Transdermal Deferoxamine Improves Excisional Wound Healing In Chronically Irradiated Murine Skin
Hendrik Lintel, BS, Darren B. Abbas, MD, Nick Guardino, BS, Amanda Spielman, BS, Michelle Griffin, MBChB, PhD, Jason L. Guo, PhD, Christopher V. Lavin, MS, Geoffrey C. Gurtner, MD, Michael T. Longaker, MD, MBA, Derrick C. Wan, MD.

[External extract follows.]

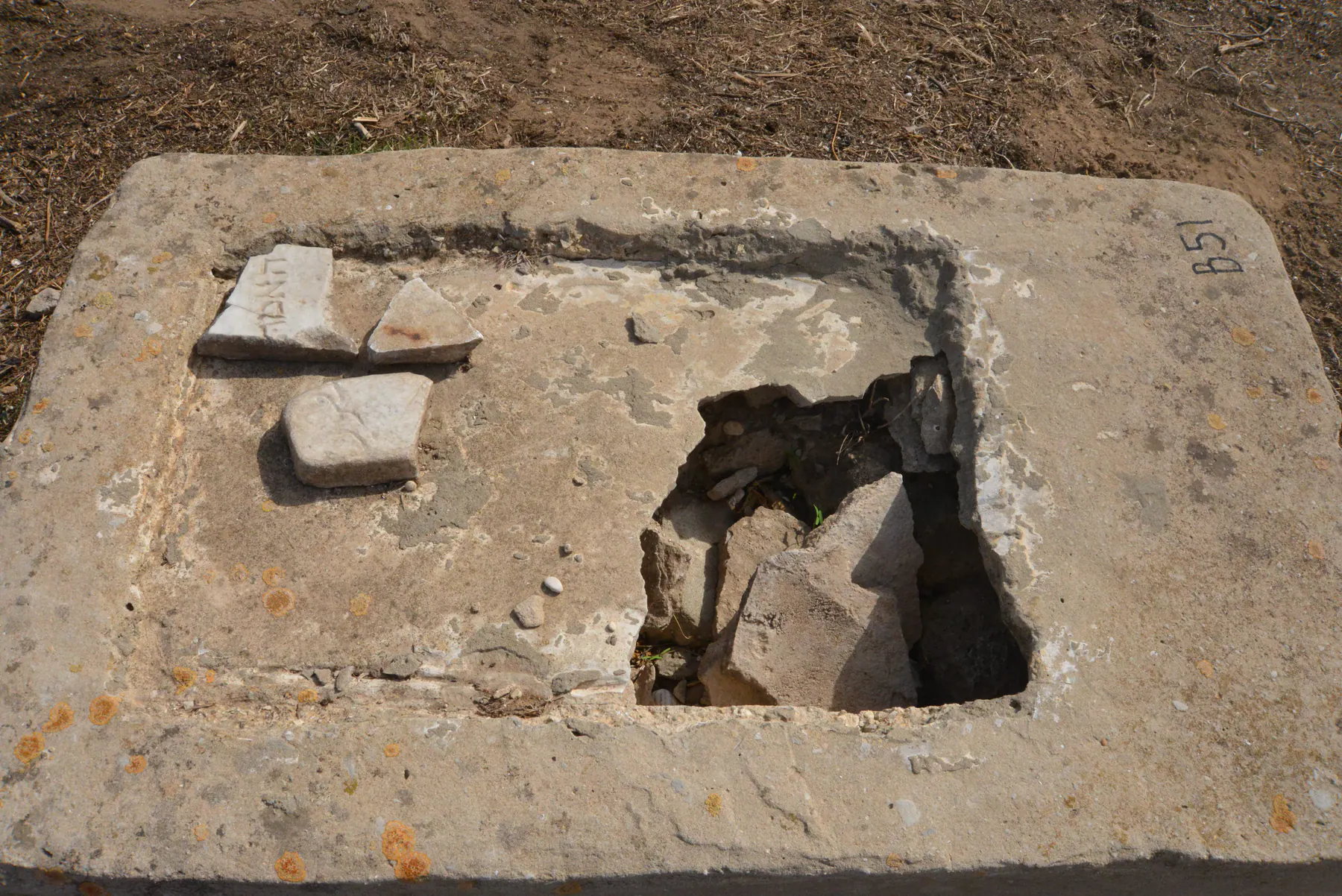 Tomb B51 for Yomtov Rav ZEITOUNI at the Jewish Cemetery of Saida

Stanford University, Stanford, CA, USA.
PURPOSE: Radiation-induced fibrosis is a common chronic sequelae of radiation therapy. Chronic radiation dermatitis is characterized by a hypovascular dermis and a fibrotic state which presents many clinical challenges to healthcare providers, including impaired wound healing. Transdermal deferoxamine (DFO), an iron chelator, has been shown to mitigate radiation-induced skin fibrosis in mice through improved angiogenesis and a reduction in reactive oxygen species production. In this study, we aim to investigate the effects of DFO on excisional wound healing in chronically irradiated skin in a mouse model.
METHODS: Thirty C57BL/6 mice had their dorsal skin irradiated with 30 Gy fractionated over 6 doses of 5 Gy every other day. After waiting 4 weeks post-radiation to allow for the development of chronic fibrosis, two 5mm excisional wounds were created and stented open on the irradiated dorsum of each mouse. The mice were equally divided into 3 groups: an irradiated (IR) control, a vehicle-only patch, and a 1 mg/cm2 DFO-loaded patch. Every two days, patches and dressings were changed, wounds were photographed, and wound perfusion was assessed via laser Doppler until wound closure. Data analysis was done via one-way ANOVA to compare means between the treatment groups with statistical significance determined at p<0.05.
RESULTS: DFO-treated mice grossly demonstrated faster wound closure rates than the vehicle and IR control groups (A). Laser Doppler analysis also revealed increased perfusion in the DFO-treated wounds throughout the wound healing process (B-C). In particular, DFO-treated wounds were found to reach a statistically significant higher perfusion index than vehicle-only patch and IR control wounds at post-operative day 14 (POD14) (D).
CONCLUSION: Transdermal DFO demonstrates potential as a treatment modality to improve wound healing outcomes in chronically irradiated skin due to the advanced wound closure rate and elevated perfusion index noted in this study.